Symptoms of A Problematic Discoid Menicus

In some people, the discoid meniscus can cause problems, usually a popping sensation with pain over the outside part of the knee joint. This is why some people use the phrase 'popping knee syndrome' when talking about a discoid meniscus.  Signs of a discoid meniscus can include:

  • Popping of the knee
  • Knee swelling
  • Pain along the outer side of the knee
  • Pain with squatting/kneeling

Treatment of a Discoid Meniscus

If patients are found to have a discoid meniscus, but it is not causing symptoms, no treatment should be performed.

In patients with a painful discoid meniscus, simple treatments consisting of knee exercises and stretching can be performed. Anti-inflammatory medications or a cortisone shot may be considered.

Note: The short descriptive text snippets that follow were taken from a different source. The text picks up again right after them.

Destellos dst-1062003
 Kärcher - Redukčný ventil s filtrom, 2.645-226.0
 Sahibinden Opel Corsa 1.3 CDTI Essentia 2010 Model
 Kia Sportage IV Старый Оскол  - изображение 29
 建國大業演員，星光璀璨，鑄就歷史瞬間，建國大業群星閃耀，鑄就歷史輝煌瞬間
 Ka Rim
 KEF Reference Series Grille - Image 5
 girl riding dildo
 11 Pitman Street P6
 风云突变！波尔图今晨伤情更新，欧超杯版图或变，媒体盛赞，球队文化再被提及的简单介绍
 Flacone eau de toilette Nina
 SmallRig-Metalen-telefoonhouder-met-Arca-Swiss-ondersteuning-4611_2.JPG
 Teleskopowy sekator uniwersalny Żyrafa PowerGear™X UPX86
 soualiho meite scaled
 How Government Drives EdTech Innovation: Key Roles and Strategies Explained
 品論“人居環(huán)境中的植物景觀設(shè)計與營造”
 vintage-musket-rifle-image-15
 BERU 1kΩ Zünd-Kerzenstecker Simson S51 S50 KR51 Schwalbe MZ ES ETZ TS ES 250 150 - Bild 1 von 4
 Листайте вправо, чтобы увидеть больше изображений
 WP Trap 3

If these simple treatments do not relieve the symptoms, patients may choose arthroscopic surgery for the discoid meniscus. If the discoid meniscus is torn, the torn portion can be removed. In addition, the discoid meniscus can be surgically shaped into a normal appearing meniscus.


Jordan MR. "Lateral Meniscal Variants: Evaluation and Treatment" J Am Acad Orthop Surg July 1996 ; 4:191-200.